9 juillet, 2024Après une série d'ateliers de formation pour mettre fin à la violence fondée sur le genre, des travailleuses dénoncent leurs agresseurs dans des témoignages prononcés devant le comité des femmes d'IndustriALL.
Un de ces témoignages est celui de Mukyala Nambi*, le 15 juin. Elle travaille depuis neuf ans à l'usine Riley Packaging de Mukono, à 22 kilomètres de Kampala, qui fabrique des caisses d'emballage en carton ondulé. Ruley Packaging emploie plus de 600 personnes, dont 120 femmes, et exporte ses produits au Burundi, en République démocratique du Congo et au Soudan du Sud.
Mukyala Nambi se souvient :
"C'est l'heure de la libération après une longue journée de travail qui commence à 7 heures pour s'achever à 19 heures. Je me prépare à rentrer chez moi lorsque le chef de la production me convoque à son bureau.
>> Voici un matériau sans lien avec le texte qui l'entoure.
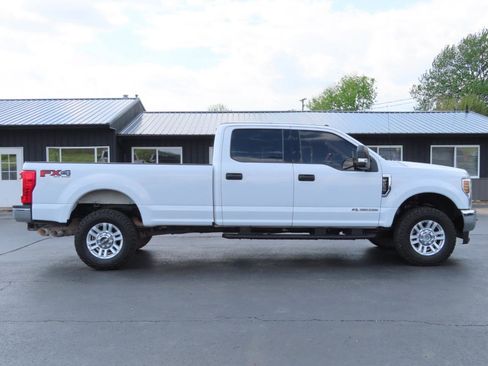 Used 2019 Ford F250 XLT w/ XLT Value Package image 7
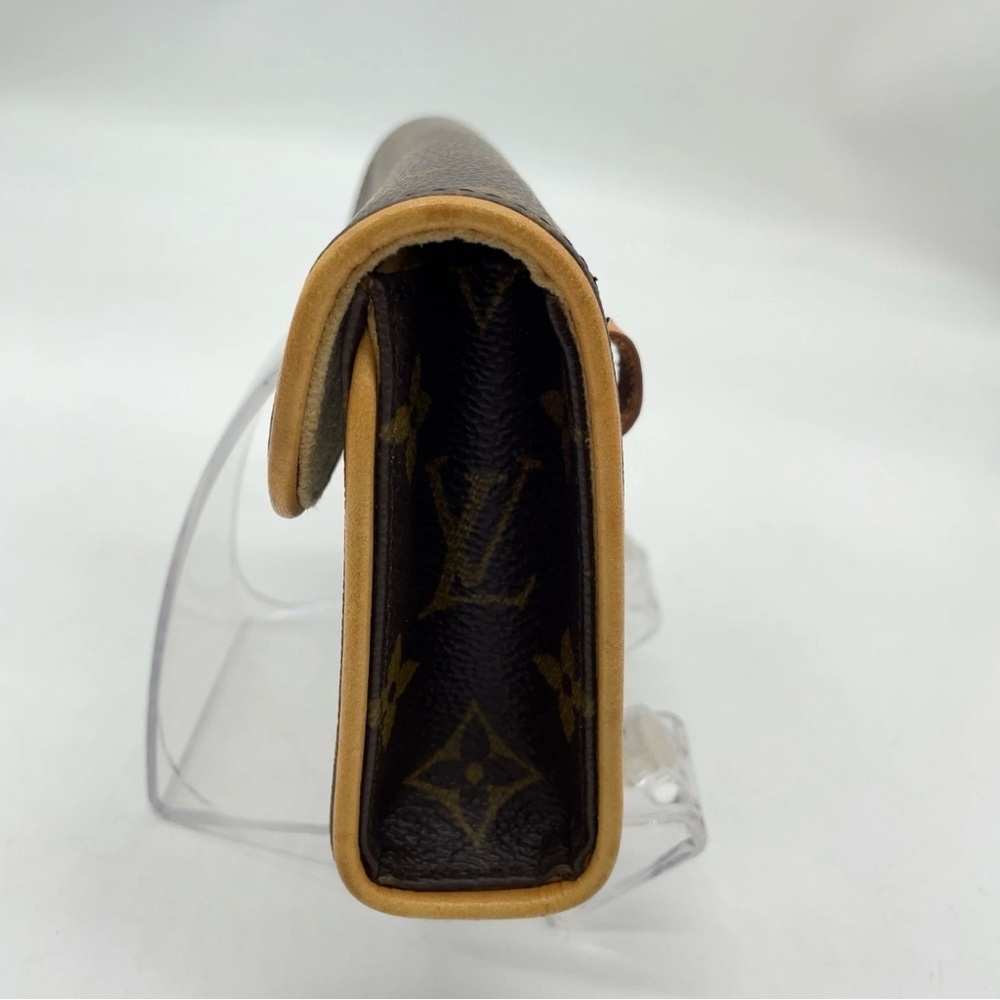 🔥Louis Vuitton Monogram Pochette Florentine date code FL0083 full inclusion🔥 - Picture 6 of 17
Il n'explique pas pourquoi il veut me voir seule dans son bureau après la fermeture de l'usine. Je me méfie et refuse de le voir. Il est furieux. Le lendemain, il commence à me harceler sexuellement.
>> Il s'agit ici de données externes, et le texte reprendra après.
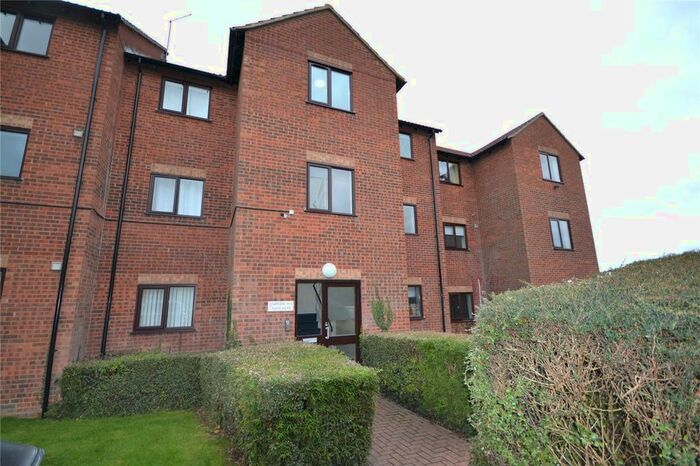 1 Bedroom Flat To Rent In Haslers Lane, Dunmow, CM6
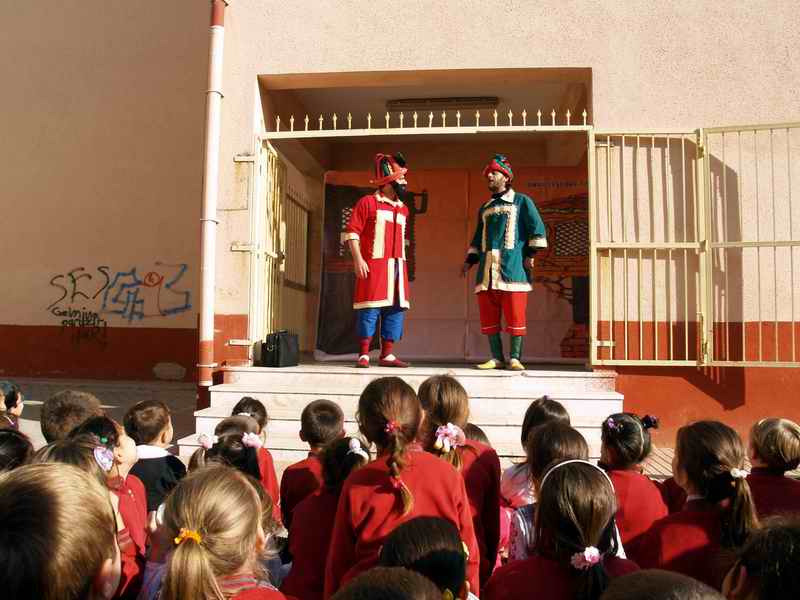  Üstün Sanat Tiyatrosu Okullarda Oyun Sahneliyor 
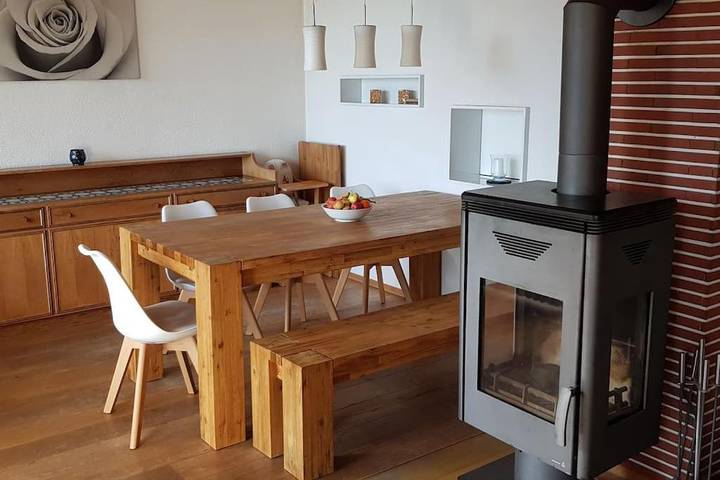 Ferienhaus für 8 Personen, mit Garten und Ausblick sowie Sauna und Seeblick in Rickenbach - 2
"Le chef de la production tient des propos intimidants et insultants à mon égard. Il me crie dessus dans l'atelier et menace de me licencier si je ne cède pas à ses avances."
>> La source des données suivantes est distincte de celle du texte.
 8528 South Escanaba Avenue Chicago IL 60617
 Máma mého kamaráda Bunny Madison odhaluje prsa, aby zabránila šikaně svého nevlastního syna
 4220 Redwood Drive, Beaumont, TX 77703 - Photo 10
Nullement effrayée, Mukyala, qui est déléguée syndicale, résiste à ce harcèlement et répond au chef que les travailleurs ont des droits garantis par la législation du travail et la constitution ougandaise. Par ailleurs, elle commence à enquêter sur les agissements du chef de la production et découvre des cas d'abus sexuels contre des jeunes travailleuses, surtout celles en contrat de courte durée auxquelles sont promis des postes permanents.
Les salaires sont maigres chez Riley Packaging. Mukyala Nambi gagne 30.000 shillings ougandais (80 $) par mois tandis que les contractuels gagnent 200.000 shillings (53 $).
"Lorsque j'ai eu rassemblé suffisamment de preuves, je l'ai immédiatement dénoncé au directeur et au responsable des ressources humaines. Il a été licencié au terme d'une procédure disciplinaire,"
explique Mukyala. Par la suite, l'homme a été signalé aux services de l'immigration qui l'ont déporté et renvoyé en Inde pour violation des conditions de son permis de travail et faux en écriture.
Mukyala Nambi attribue le courage qu'elle a eu face à son agresseur à la formation à la violence et au harcèlement fondés sur le genre que les travailleuses des syndicats affiliés à IndustriALL reçoivent dans le cadre d'un projet soutenu par l'Agence syndicale danoise pour le développement (DTDA) et par le bureau régional d'IndustriALL pour l'Afrique subsaharienne. Elle estime que cette formation lui a donné les moyens de lutter contre le harcèlement sexuel au travail. Elle portait sur des thèmes en rapport avec l'application de la convention 190 de l'Organisation internationale du travail sur la violence et le harcèlement dans le monde du travail que l'Ouganda a ratifiée en 2023, et aussi sur l'ajout, dans les conventions collectives, de clauses de refus de la violence et du harcèlement fondés sur le genre.
"Nous félicitons Mukyala Nambi pour le courage qu'elle a eu en faisant face à son agresseur. Notre formation sur la GHVB met beaucoup l'accent sur le renforcement des mécanismes de signalement et sur l'élaboration de politiques visant à mettre fin au harcèlement sexuel. Pour cela, nos affiliés ougandais collaborent avec les propriétaires d'entreprises pour faire adopter des politiques de genre et nous les félicitons pour ces efforts,"
a déclaré la secrétaire régionale d'IndustriALL pour l'Afrique subsaharienne, Paule France Ndessomin.
Les affiliés d'IndustriALL ayant bénéficié de cette formation sont le Syndicat des travailleurs de l'imprimerie, du papier, de la polyfibre et apparentés d'Ouganda, le Syndicat des travailleurs du textile, de l'habillement, du cuir et apparentés d'Ouganda, et le Syndicat des travailleurs de l'hôtellerie, de l'alimentation, du tourisme, des supermarchés et apparentés d'Ouganda.